- _Exercise aim_
Begin at the line that has "Rented by Compass | media 9", stop after the line that has "DELTA WATERFRONT ACCESS - Residential", and print exactly those lines from the records below, without any pictures.

- _Input data_
· · · · · · ·
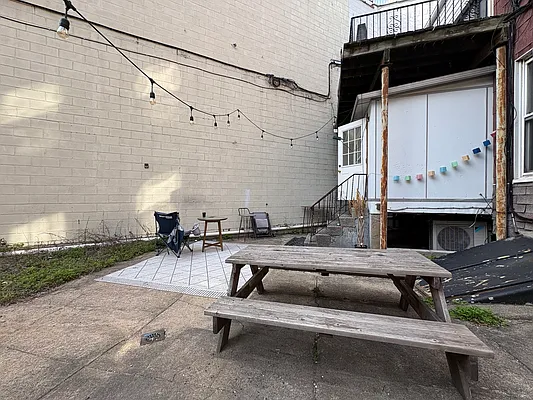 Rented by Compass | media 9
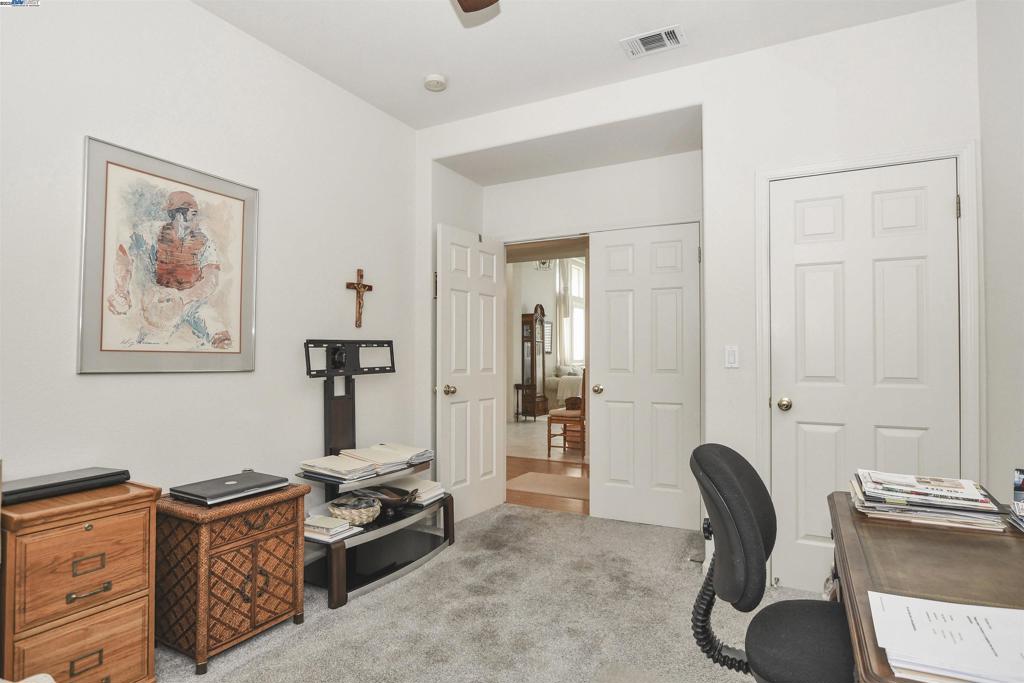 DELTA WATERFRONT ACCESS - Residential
· · · · · · ·
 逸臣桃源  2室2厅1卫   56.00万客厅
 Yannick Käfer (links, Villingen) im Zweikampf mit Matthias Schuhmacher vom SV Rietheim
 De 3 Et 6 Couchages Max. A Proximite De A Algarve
· · · · · · ·
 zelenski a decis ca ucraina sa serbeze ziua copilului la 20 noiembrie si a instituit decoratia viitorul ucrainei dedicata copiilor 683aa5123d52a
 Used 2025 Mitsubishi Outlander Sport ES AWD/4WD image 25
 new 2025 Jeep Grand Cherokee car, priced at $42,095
· · · · · · ·
- _Solved problem_
 Rented by Compass | media 9
 DELTA WATERFRONT ACCESS - Residential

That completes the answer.